Into this moment came a wave of federal reforms and a new kind of worker movement that would reshape American labor, politics, and identity. This chapter follows that story—from the Second New Deal to World War II—drawing on the lives of workers who built America from the shop floor, the picket line, and the home front.
II. The Second New Deal and the Promise of Rights
In 1935, President Franklin D. Roosevelt launched the Second New Deal, a more aggressive reform agenda built on the belief that the federal government must actively protect workers and support collective bargaining.
At its center stood one revolutionary law:
The National Labor Relations Act (NLRA/Wagner Act)
Guaranteed workers the right to join unions.
Required employers to bargain in good faith.
Outlawed company unions, spying, and intimidation.
Created the National Labor Relations Board (NLRB) to enforce these rights.

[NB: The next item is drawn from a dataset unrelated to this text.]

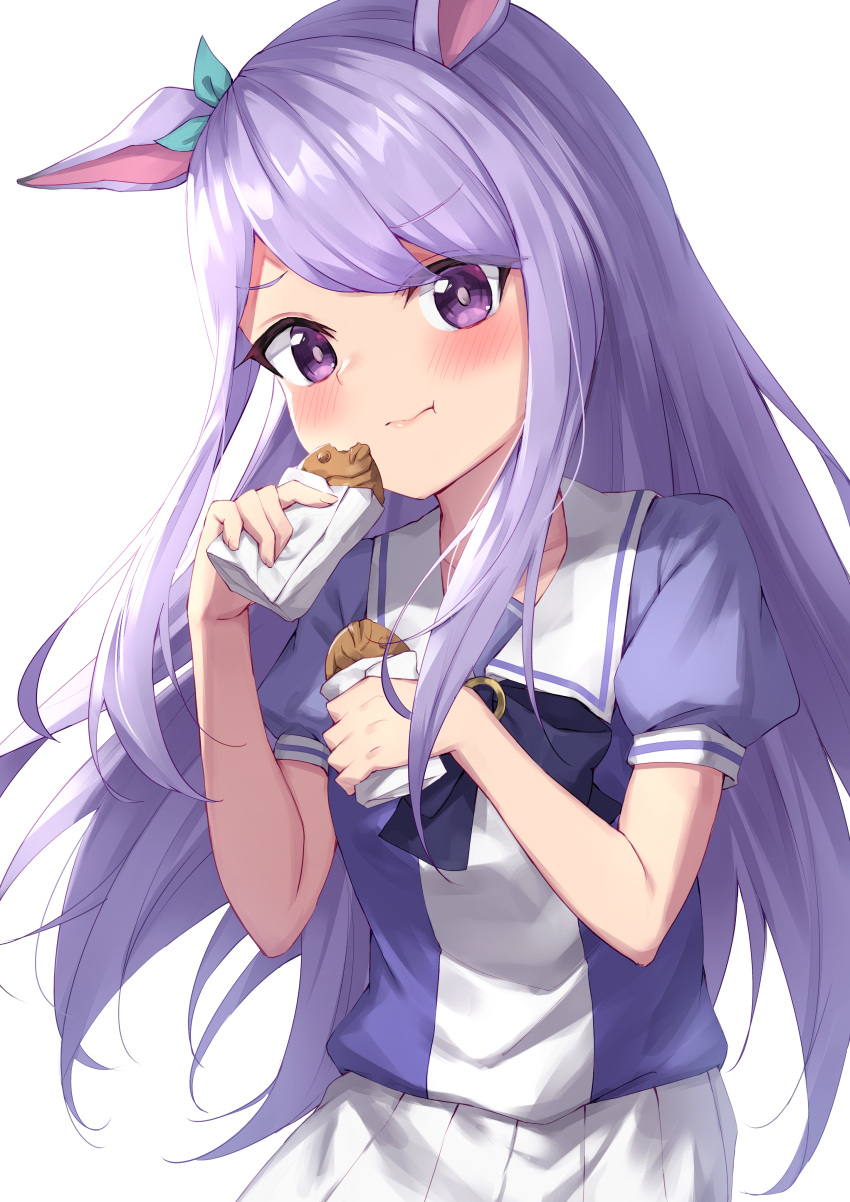 1girl :t absurdres animal_ears bangs blue_bow blue_shirt blush bow closed_mouth ear_ribbon eating eyebrows_visible_through_hair food green_ribbon highres holding holding_food horse_ears long_hair looking_at_viewer masaki_(msk064) mejiro_mcqueen_(umamusume) pleated_skirt puffy_short_sleeves puffy_sleeves purple_hair ribbon school_uniform shirt short_sleeves simple_background skirt solo taiyaki tracen_school_uniform umamusume very_long_hair violet_eyes virtual_youtuber wagashi wavy_mouth white_background white_skirt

For millions of workers who had faced firings, beatings, blacklists, and police raids, the NLRA was nothing short of transformative. For the first time in American history, labor organizing had government backing.
But rights on paper were only the beginning. Workers would have to fight to make those rights real.
III. A New Labor Movement: The Birth of the CIO
The American Federation of Labor (AFL), focused on skilled craft unions, resisted organizing the mass-production industries—auto, steel, rubber—where millions of unskilled and semi-skilled workers labored.
Into this conflict stepped John L. Lewis, the powerful leader of the United Mine Workers.
Lewis believed the New Deal opened the door for industrial workers to build huge, inclusive unions. He helped form the Committee for Industrial Organization (CIO), which soon became the Congress of Industrial Organizations—a federation dedicated to organizing entire industries.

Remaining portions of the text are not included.